The ventricular system
The ventricular system of the brain comprises four fluid-filled irregular cavities (ventricles) interconnected by narrow pathways (Figure 9.7) and connected with the central canal of the spinal cord and the subarachnoid space. There are two lateral ventricles, one in each cerebral hemisphere, one ventricle (the third) located in the diencephalic region and the fourth located in the medulla.
Cerebrospinal fluid
circulates within the closed ventricular system. The normal features of CSF are:
The CSF production–absorption cycle is continuous and a fairly constant volume of 120–150 mL is maintained. When this process is interrupted and the volume is increased beyond normal limits, hydrocephalus occurs.

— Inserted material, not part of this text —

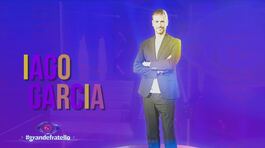 Iago Garcia: la clip di presentazione thumbnail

Most CSF is produced by the choroid plexus, a collection of specialised capillaries located within the lining of the ventricles, the largest amount being produced in the lateral ventricles. From here, the CSF passes through two interventricular foramina (foramen of Monro) to the third ventricle, then via the single cerebral aqueduct (aqueduct of Sylvius) to the fourth ventricle. Some CSF passes down into the central canal of the spinal cord but most passes up through the two lateral and one medial foramina in the roof of the fourth ventricle, to circulate round the brain and spinal cord in the subarachnoid space before being reabsorbed into the blood via the arachnoid villi.
Blood supply and drainage
The brain cannot survive without a constant supply of oxygen and glucose and receives 850 mL of oxygenated blood per minute. The blood supply to the head arises from the left and right common carotid arteries, which subdivide to form the internal and external carotid arteries. These supply blood to the anterior part of the brain, and the vertebral arteries supply the posterior part.
The greater part of the brain is supplied with blood by the arteries branching from the circulus arteriosus (circle of Willis), a ring of blood vessels located at the base of the brain (Figure 9.8).
Venous drainage is by small veins in the brain stem and cerebellum, and external and internal veins draining the cerebrum. Some of the external and internal veins empty into one large vein called the vein of Galen (great cerebral vein). Unlike other parts of the body, these veins do not correspond with their arterial supply. All these veins empty directly into a system of venous sinuses, including the superior and inferior sagittal, the straight, transverse, sigmoid and cavernous sinuses.
The blood–brain barrier
This selective barrier normally prevents many harmful substances crossing from the blood to the brain, e.g. microorganisms. The blood–brain barrier (BBB) is formed by the capillary endothelial cells which have ‘tight junctions’ and are supported by astrocytes (a type of neuroglial cells) to ensure that the capillary wall is relatively impermeable. The barrier allows the passage of oxygen, nutrients and metabolic waste, and some drugs, alcohol and other toxic substances.
The spinal cord
The spinal cord is an oval cylinder that lies within the spinal cavity of the vertebral column. In adults, it is approximately 45 cm long and extends from the medulla to the first or second lumbar vertebrae. Beyond this, the spinal nerves from the lumbar and sacral segments of the cord form the cauda equina, or ‘horse’s tail’. The lower part of the cord is attached to the coccyx by the filum terminale and is tapered in shape (Figure 9.9).
The cord is segmented into five parts or regions, each corresponding to the specific vertebrae:
A labelling system identifies different levels within the spinal cord and vertebrae; the third cervical vertebra becomes C3, the fourth lumbar vertebra becomes L4 and so on.
Two enlargements of the spinal cord are seen: (i) from C4 to T1 containing the nerve supply for the upper limbs; and (ii) from L2 to S3 which supplies innervation to the lower limbs. Paired spinal nerves, part of the PNS, are attached by two short roots to the cord (see pp. 308, 309).
The structure of the spinal cord is illustrated in cross-section in Figure 9.10.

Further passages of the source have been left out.